* **Exercise directions**:
Write every line of the material again exactly, with no pictures in the copy.

* **Source material**:
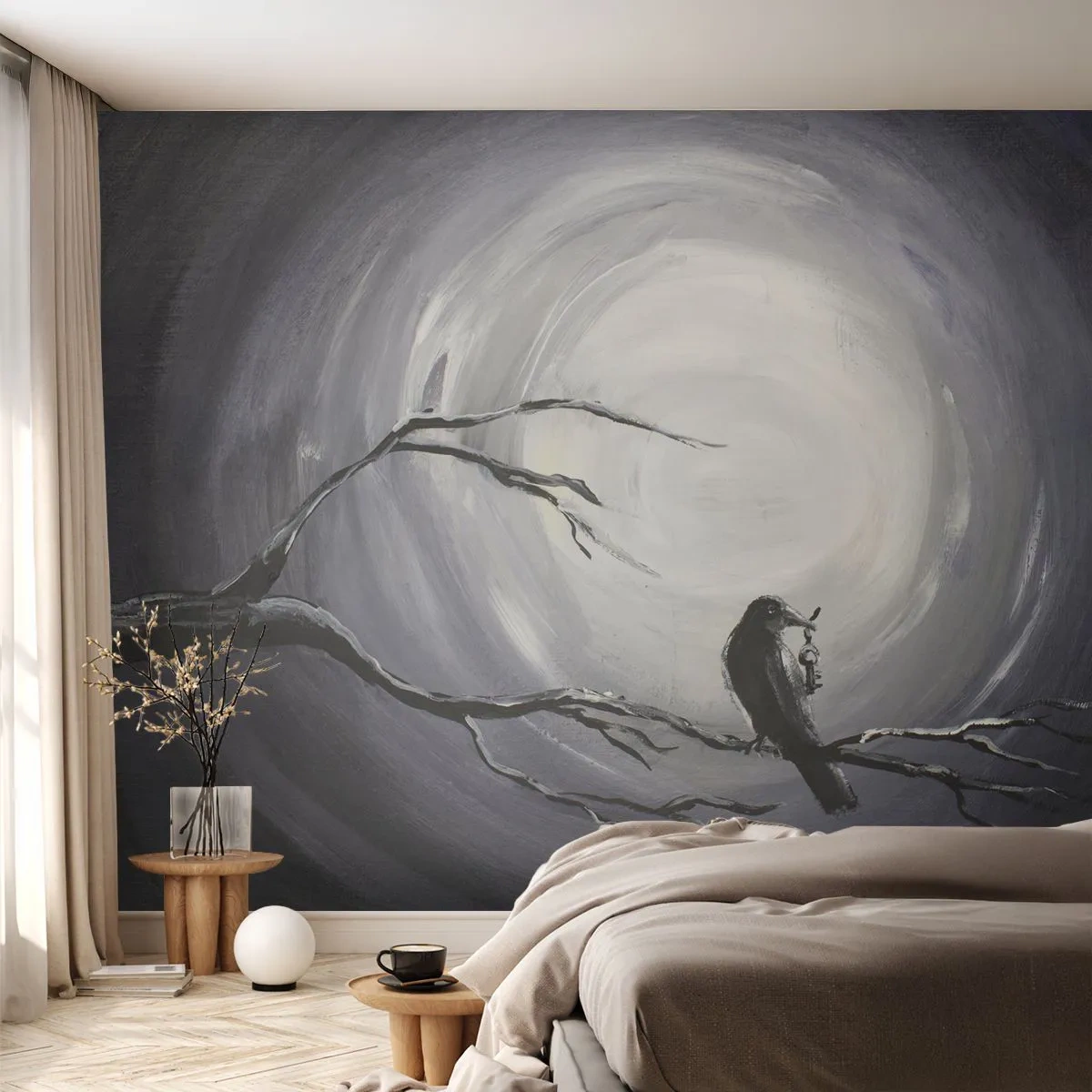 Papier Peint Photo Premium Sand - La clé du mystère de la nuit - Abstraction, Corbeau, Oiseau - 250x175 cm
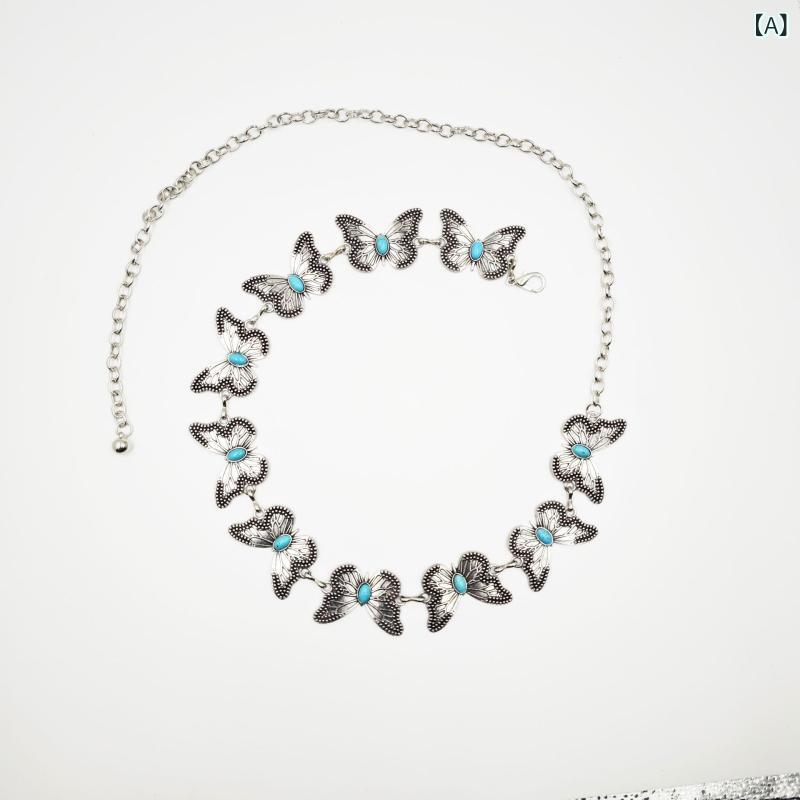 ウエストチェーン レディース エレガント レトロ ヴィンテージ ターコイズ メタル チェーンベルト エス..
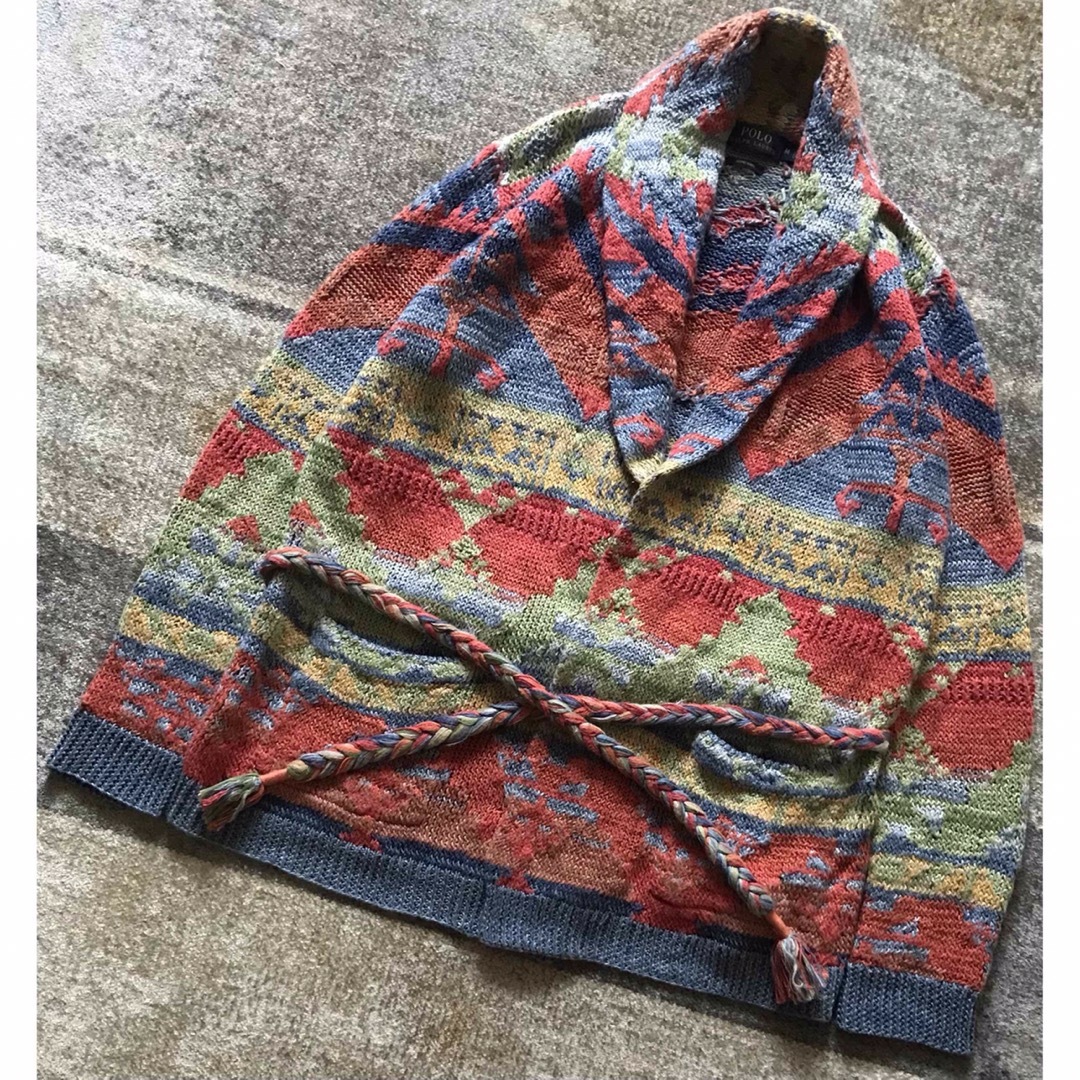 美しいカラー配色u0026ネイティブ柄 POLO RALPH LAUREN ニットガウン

* **Finished exercise**:
 Papier Peint Photo Premium Sand - La clé du mystère de la nuit - Abstraction, Corbeau, Oiseau - 250x175 cm
 ウエストチェーン レディース エレガント レトロ ヴィンテージ ターコイズ メタル チェーンベルト エス..
 美しいカラー配色u0026ネイティブ柄 POLO RALPH LAUREN ニットガウン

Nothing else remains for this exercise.